しかもライダー役は小柄な女性。もし後ろに乗せられてこんなに簡単にUターンをキメられてしまったら、男として立つ瀬がなくなる、というのは冗談としても、LMWのおかげで今後は女性ライダーが彼氏とタンデムという光景も増えるかもしれない。
(3) 強い横風
風速15メートルの風が急に横から吹きつけた状況を想定したテストでも、フロント2輪の特性を生かして安定して通過。直進してきたラインを大幅に乱すことなく、安全に走り続けることができる。
ちなみに風速15mというのは台風並みで、看板などが飛ぶぐらいの強風。通常のバイクだったら、走るのを思いとどまるレベルだと思われる。LMWは悪天候に対しても強いことがよく分かる。
(4) 急ブレーキ
直進時に何かの理由で強くブレーキをかけざるを得ないときもある。急制動時の安定性についてだが、フロント2輪で踏ん張るため当然安定しているし、タイヤ2個分の摩擦力によって路面にグリップするため制動距離も短くなるなど、LMWならではのメリットが映し出されている。
当然、パニック時の急ブレーキによるホイールロックにも強く、さらにトリシティ125にはABS仕様も用意されているので相乗効果も期待できそうだ。
(5) 段差乗り越え
駐車場に入るときなどのちょっとした段差を乗り越える実験では、LMWらしさが最も顕著に表れている。映像では歩道の段差ぐらいの比較的大きなギャップに対して、しかも斜めに前輪を当てていく過酷な実験が行われている。
通常のバイクであれば下手をすると前輪が切れ込んで、あるいは段差に弾かれて転倒してしまう可能性も高いだろう。

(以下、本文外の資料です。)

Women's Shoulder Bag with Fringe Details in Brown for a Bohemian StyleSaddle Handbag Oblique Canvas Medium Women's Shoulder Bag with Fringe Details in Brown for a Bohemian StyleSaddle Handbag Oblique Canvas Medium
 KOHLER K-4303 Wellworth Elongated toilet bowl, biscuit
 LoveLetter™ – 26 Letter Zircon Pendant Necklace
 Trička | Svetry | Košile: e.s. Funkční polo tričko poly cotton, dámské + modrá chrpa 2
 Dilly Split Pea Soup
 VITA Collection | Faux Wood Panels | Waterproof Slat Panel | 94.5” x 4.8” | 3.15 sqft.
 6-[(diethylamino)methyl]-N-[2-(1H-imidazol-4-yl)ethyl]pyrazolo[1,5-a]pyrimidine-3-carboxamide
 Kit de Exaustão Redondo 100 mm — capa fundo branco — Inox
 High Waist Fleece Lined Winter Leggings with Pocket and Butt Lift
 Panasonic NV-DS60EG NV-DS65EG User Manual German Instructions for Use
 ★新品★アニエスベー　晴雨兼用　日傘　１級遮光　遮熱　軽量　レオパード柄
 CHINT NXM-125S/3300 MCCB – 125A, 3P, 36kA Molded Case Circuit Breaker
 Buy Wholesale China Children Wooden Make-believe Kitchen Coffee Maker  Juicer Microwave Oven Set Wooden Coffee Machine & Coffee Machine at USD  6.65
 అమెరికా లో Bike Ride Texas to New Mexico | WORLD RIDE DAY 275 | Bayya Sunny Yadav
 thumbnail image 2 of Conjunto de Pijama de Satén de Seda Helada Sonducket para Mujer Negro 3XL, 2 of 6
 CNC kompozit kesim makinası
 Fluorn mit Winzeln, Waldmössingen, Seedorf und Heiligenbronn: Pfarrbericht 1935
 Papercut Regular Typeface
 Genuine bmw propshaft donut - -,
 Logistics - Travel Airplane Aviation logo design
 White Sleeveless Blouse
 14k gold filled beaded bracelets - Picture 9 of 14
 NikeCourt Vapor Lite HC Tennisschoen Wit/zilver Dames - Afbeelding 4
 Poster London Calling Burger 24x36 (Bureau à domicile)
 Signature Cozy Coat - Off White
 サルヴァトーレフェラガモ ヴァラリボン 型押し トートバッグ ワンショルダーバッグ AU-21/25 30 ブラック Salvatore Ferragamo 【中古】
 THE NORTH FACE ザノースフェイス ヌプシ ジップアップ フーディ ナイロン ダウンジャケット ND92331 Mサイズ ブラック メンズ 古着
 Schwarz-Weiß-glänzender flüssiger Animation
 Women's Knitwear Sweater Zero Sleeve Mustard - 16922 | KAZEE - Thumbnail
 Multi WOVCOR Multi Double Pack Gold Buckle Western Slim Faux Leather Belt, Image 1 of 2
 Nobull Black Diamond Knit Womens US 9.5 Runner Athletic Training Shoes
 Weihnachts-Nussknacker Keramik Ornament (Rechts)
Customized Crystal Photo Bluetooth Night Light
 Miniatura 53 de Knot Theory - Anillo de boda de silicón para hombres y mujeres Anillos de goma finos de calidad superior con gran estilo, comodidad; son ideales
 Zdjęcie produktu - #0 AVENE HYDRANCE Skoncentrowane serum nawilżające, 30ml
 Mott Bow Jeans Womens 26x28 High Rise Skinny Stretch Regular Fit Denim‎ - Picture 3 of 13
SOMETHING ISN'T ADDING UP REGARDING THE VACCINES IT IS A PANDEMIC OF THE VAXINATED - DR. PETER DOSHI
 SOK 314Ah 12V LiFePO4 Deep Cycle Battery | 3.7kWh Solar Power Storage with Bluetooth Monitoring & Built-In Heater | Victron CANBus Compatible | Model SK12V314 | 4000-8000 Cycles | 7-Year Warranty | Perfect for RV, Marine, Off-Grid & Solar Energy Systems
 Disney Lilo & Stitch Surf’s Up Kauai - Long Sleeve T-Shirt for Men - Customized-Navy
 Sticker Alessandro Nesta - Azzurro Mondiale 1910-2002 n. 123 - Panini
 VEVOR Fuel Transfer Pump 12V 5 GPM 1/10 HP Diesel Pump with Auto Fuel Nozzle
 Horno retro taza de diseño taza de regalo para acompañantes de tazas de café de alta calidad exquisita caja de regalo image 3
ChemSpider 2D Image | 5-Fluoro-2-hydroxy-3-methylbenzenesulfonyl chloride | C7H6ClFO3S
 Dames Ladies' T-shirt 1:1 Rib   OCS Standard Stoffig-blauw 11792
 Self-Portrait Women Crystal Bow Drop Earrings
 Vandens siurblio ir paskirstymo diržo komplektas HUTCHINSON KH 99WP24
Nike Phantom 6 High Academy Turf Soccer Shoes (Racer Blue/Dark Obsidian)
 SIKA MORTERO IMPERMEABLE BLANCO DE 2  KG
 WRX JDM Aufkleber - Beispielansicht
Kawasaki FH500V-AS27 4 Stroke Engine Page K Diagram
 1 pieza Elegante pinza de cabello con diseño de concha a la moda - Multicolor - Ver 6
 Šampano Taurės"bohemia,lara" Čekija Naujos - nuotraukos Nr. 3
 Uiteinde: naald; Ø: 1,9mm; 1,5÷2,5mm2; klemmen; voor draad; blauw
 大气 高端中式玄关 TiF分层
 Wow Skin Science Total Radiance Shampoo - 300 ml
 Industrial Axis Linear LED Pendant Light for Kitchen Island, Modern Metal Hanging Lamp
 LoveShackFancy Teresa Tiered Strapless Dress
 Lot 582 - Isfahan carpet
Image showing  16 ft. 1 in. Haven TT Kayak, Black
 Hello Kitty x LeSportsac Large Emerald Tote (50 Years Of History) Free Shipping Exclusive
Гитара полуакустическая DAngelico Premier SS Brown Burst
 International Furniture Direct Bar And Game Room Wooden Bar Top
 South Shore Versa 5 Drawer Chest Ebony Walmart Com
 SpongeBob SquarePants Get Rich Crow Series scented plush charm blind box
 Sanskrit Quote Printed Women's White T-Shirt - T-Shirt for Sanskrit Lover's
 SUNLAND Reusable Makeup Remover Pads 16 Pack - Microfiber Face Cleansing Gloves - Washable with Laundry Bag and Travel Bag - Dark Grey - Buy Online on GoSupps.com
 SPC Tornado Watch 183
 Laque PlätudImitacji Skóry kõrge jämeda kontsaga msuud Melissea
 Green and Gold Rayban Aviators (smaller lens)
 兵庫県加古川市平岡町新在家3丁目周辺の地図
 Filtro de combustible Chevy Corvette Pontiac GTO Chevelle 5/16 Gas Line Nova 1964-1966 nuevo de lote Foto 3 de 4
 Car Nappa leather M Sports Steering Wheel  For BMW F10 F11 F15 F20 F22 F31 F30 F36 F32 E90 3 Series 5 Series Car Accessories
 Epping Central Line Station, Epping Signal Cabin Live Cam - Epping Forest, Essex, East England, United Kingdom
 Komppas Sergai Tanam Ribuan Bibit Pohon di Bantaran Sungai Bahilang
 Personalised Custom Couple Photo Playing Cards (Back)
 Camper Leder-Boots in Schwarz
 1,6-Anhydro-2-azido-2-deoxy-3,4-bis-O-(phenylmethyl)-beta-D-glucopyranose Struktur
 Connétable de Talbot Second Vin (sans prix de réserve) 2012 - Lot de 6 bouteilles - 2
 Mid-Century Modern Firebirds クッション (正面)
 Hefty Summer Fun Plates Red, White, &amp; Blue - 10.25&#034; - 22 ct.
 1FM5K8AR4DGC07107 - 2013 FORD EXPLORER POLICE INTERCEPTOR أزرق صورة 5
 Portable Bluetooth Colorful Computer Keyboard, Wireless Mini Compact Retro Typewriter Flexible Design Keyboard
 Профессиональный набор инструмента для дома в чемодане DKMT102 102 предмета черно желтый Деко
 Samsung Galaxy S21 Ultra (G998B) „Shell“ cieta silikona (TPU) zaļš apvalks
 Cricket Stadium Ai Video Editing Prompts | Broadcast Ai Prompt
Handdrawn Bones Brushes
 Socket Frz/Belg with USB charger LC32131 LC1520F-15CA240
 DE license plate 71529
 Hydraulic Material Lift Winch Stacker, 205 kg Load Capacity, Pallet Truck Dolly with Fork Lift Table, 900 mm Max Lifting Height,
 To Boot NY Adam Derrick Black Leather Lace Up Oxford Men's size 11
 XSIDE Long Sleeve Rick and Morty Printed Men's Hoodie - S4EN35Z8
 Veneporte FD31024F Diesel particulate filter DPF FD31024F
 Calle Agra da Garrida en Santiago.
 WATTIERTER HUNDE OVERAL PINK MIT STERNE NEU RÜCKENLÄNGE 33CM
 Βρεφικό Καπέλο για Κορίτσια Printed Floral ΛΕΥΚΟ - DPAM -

ところが、左右別々に動くリンクを持つLMWの場合、フロント2輪がそれぞれ独立して路面追従しショックを吸収するため、ほとんど姿勢を崩すことなく安定して段差を乗り越えていける。
これはビジュアル的にもインパクト大である。
ヤマハが実現しようとしている「新しい乗り物」の可能性
映像を見ると、通常のバイクであれば、高度なテクニックを持ったエキスパートライダーでしか対応できないような難しいシチュエーションをいとも簡単にいなしていく、LMWのポテンシャルの高さをあらためてよく理解できる。
となると、先の「東京モーターショー2015」にも参考出品され、この先登場してくると見られるLMWのコンセプトモデル「MWT-9」や、さらには研究開発車両として動画が公開されている4輪タイプの「OR2T」にも期待が膨らむ。
▼東京モーターショー2015で参考出品された「MWT-9」
▼研究開発モデルとして試作された「OR2T」(開発呼称)
バイクでもクルマでもトライクでもない、ヤマハが実現しようとしている新しい乗り物の可能性に今後も注目していきたい。